Juíza rescinde contrato de multipropriedade e manda restituir 80% a cliente

Percentual previsto em contrato era de 50%, mas foi considerado abusivo e reduzido para 20% pela magistrada.

Da Redação

sábado, 9 de maio de 2026

Atualizado em 6 de maio de 2026 08:00

A juíza de Direito Isis Miranda de Souza Machado, da 2ª vara Cível de Ipojuca/PE, declarou rescindido um contrato de multipropriedade e determinou a devolução de 80% dos valores pagos pelo comprador.

A magistrada considerou abusiva a cláusula que autorizava a retenção de 50% das quantias pagas. Como a desistência partiu do próprio adquirente, ela fixou a retenção em 20%.

Desistência e tentativa de distrato sem sucesso

Um homem relatou que firmou contrato de promessa de compra e venda de fração de multipropriedade em empreendimento imobiliário, no valor total de R$ 39.946,10. Segundo ele, dificuldades financeiras e perda de interesse no negócio o levaram a tentar o distrato, mas as empresas teriam imposto penalidades que impediram a rescisão amigável.

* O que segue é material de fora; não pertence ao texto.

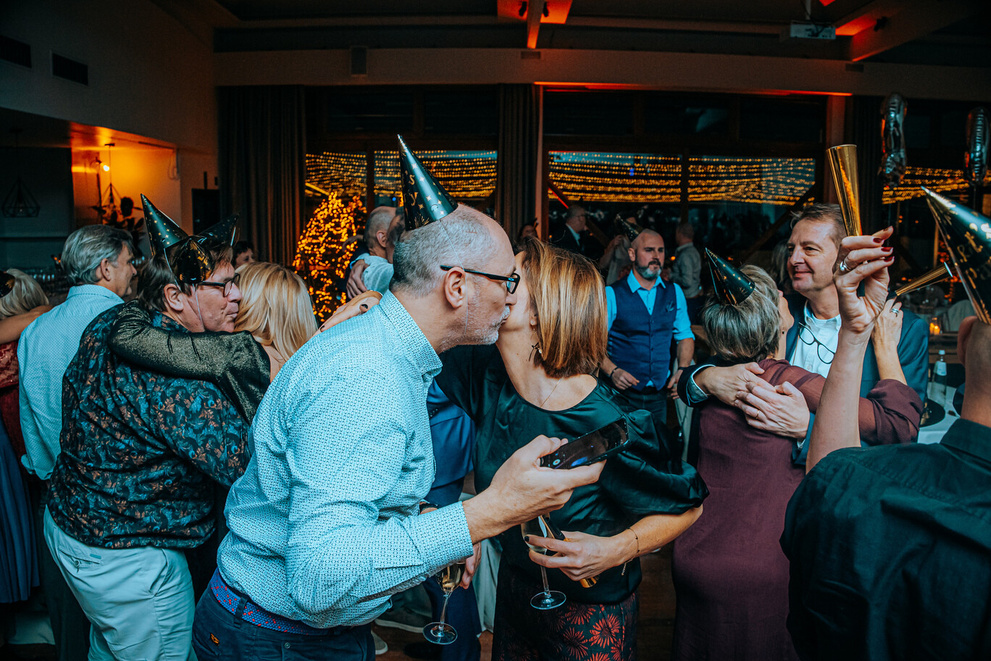 Mensen vieren een feestje met feesthoedjes, proosten en dansen in een sfeervolle ruimte.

As empresas defenderam a validade das cláusulas contratuais, a retenção das arras e da corretagem e a aplicação da lei 13.786/18. Também alegaram prescrição do pedido de devolução da comissão de corretagem.

 (Imagem: Magnific)

Juíza rescindiu contrato de multipropriedade e determinou que o comprador receba de volta 80% dos valores pagos.(Imagem: Magnific)

Relação de consumo e desistência do comprador

Ao analisar o caso, a juíza afastou a prescrição e reconheceu a aplicação do CDC. Para ela, não houve prova de propaganda enganosa nem de inadimplemento das empresas que justificasse a devolução integral dos valores, uma vez que “a rescisão do contrato se deu por iniciativa e conveniência da parte autora (resilição unilateral)”.

Apesar disso, a magistrada entendeu que a retenção de 50% prevista no contrato era excessiva e deveria ser reduzida. Segundo a juíza, o percentual violava a razoabilidade e a vedação ao enriquecimento sem causa, além de contrariar o art. 51 do CDC, por colocar o consumidor em desvantagem excessiva.

Com base na jurisprudência do STJ, que admite retenção entre 10% e 25% em casos semelhantes, ela fixou o percentual em 20%.

“Sendo assim, no caso em apreço, entendo ilegal a previsão de retenção 50% da quantia já paga, e devida a retenção pela requerida apenas de percentual razoável.”

A juíza também considerou que o imóvel poderia ser novamente comercializado pelas empresas, o que reduz eventual prejuízo decorrente do distrato.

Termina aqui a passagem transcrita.